1952年、沖縄がアメリカだった時代。⽶軍基地から奪った物資を住⺠らに分け与える“戦果アギヤー”と呼ばれる、沖縄の若者たちがいました。幼馴染のグスク(妻夫⽊聡)、ヤマコ(広瀬すず)、レイ(窪⽥正孝)の3 ⼈と、彼らの英雄的存在でリーダーのオン(永⼭瑛太)。全てを懸けて臨んだある襲撃の夜、オンは“予定外の戦果”を⼿に、突然消息を絶つことに……。原作は真藤順丈氏による⼩説「宝島」。第160回直⽊賞も受賞した傑作小説の実写映画です。監督は、映画『るろうに剣⼼』、NHK ⼤河ドラマ「⿓⾺伝」などを⼿がけてきた⼤友啓史氏。上映時間、なんと191分。ただし、鑑賞前に「長っ! トイレ、大丈夫かな」と思っても、鑑賞後は「この長さは絶対に必要だ!」と、感動と共に多くの方がお感じになるのではないでしょうか。これは……映画館で観たい!
 
本作の企画は2019年に始動したもののコロナ禍にも阻まれ、撮影が2度延期に。スタッフとキャストの「なんとしてもこの時代にこの映画を届けたい」という情熱と執念で、戦後80年となる2025年の秋の公開となりました。主演の妻夫木さんと、広瀬すずさんにお話をうかがう貴重な機会を得ました。

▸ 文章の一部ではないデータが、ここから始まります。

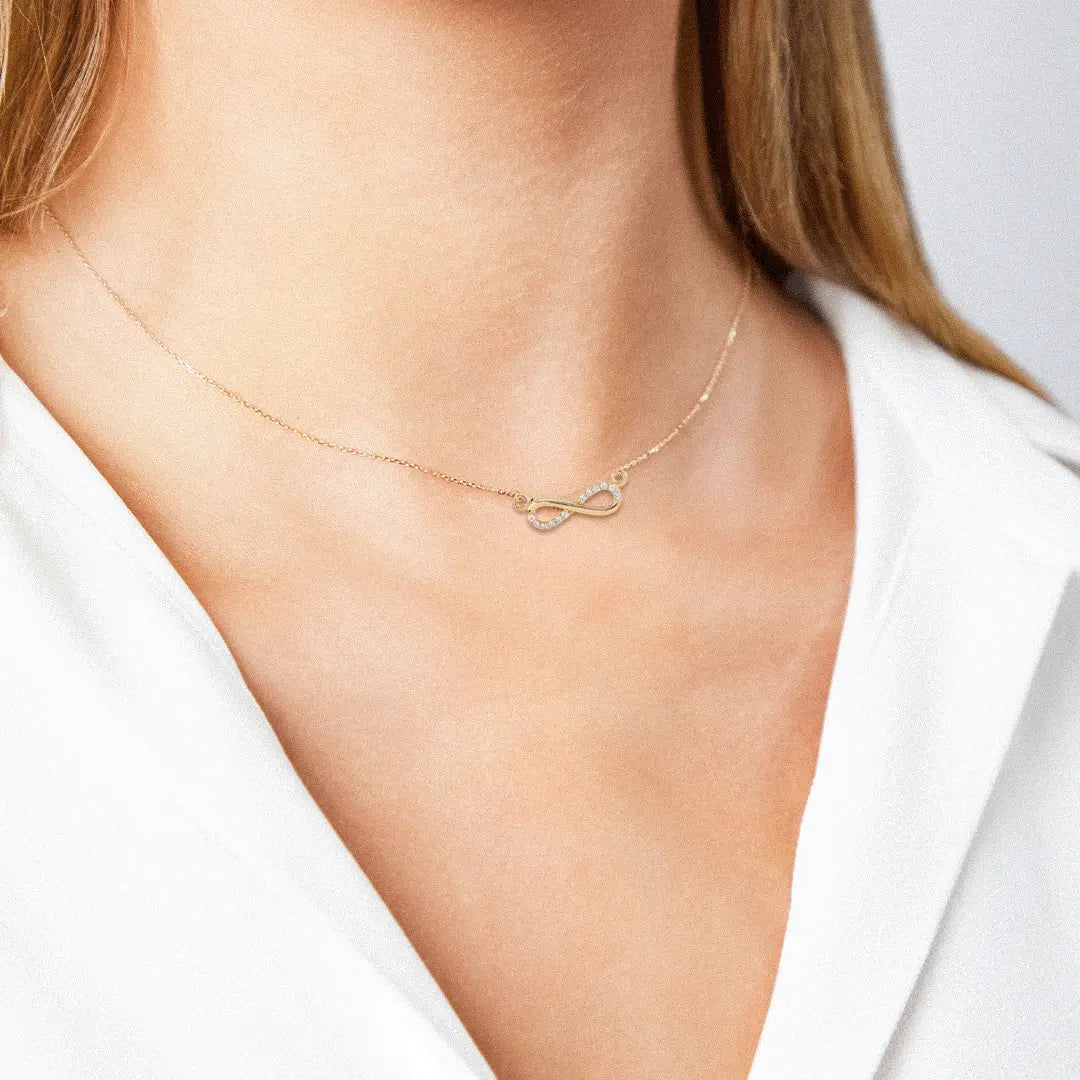 Eterna – 375er Echtgoldkette mit Infinity-Anhänger & Zirkonia Suzan Gold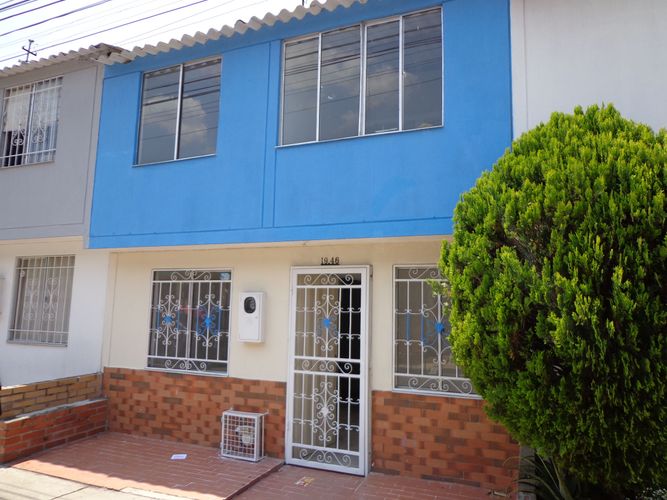 Casa de 4 alcobas en venta en Paseo Del Puente, Piedecuesta, 120 m² · foto 2 de 20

ドーンとこちらに飛んでくる圧倒的生命力にやられちゃった気がします

――原作と脚本を読んだときにどう感じられたかを教えて下さい。
妻夫木聡さん(以下妻夫木) 一言でいうと、圧倒的な生命力でした。それは原作を読んだときも感じましたし、脚本を読んだときも、また本編を最初に観終わったときも感じました。生命力が満ち溢れているんですよ。戦後から復興期にかけての、あの時代だからこそ出る匂いや色、温度が確実にあると本当に感じました。「生きなきゃ」ってシンプルに思わせてくれる説得力が魅力でしたね。
広瀬すずさん(以下広瀬) 私は脚本を先に読ませていただいて、それから原作小説を読んだんですが、どちらもひたむきに生きる人間像をすごく久々に見せられた気分でした。それこそ妻夫木さんがおっしゃったとおり、ドーンとこちらに飛んでくる圧倒的生命力にやられちゃった気がします。

――この作品の企画から撮影までは、コロナ禍などの影響でかなり時間が空いてしまいましたよね。原作や脚本に圧倒されたお2人がその熱量をキープするのはなかなか苦労されたのでは?
妻夫木 不安でしたね。読了したときのイメージは消えないで残っていたんですが、本当にこの企画が動くのか動かないのか、というのはわからない状況が続いていたので。プロデューサーや監督には何度も問い合わせていましたし、その都度彼らが本気でこの作品に取り組もうとしていることはわかったのですが、それでも2回、流れてしまっています。そのときは、もうムリかな、と思いました。その後撮影にこぎつけられたんですが、正直、複雑な気分で。本当に撮影できるのか、という驚きと、とはいえまた止まったらどうしよう、という不安と。でも、時間が空いていた分、監督はじめスタッフ、キャストは最初に思い描いたものだけではないアイデアやイメージが増えていったはずなんです。それが無駄にはなっていないし、あながち、時間をかけたことは得になったのでは? と今となっては思っています。
広瀬 何度か企画が止まることで、この企画自体が、人のように、こっちを振り向かせようとしているような感覚になりましたね。止まって、動いて、の繰り返しのなか、毎回お声掛けをいただいてありがたいと思う一方で、「きっとできるから、こっち向いてよ!」みたいな呼びかけが、どこかから聞こえてくるような。だからなのか、撮影に挑んだときはそのたまっていた感情からか、「あ、撮影できてる!」「完成したんだ!」と、心から嬉しく思いました。ある意味、ここまで時間がかかっても仕方ないと思える映像のパワーがありますし、なにはともあれ無事に完成してお披露目できることを、夢のように感じています。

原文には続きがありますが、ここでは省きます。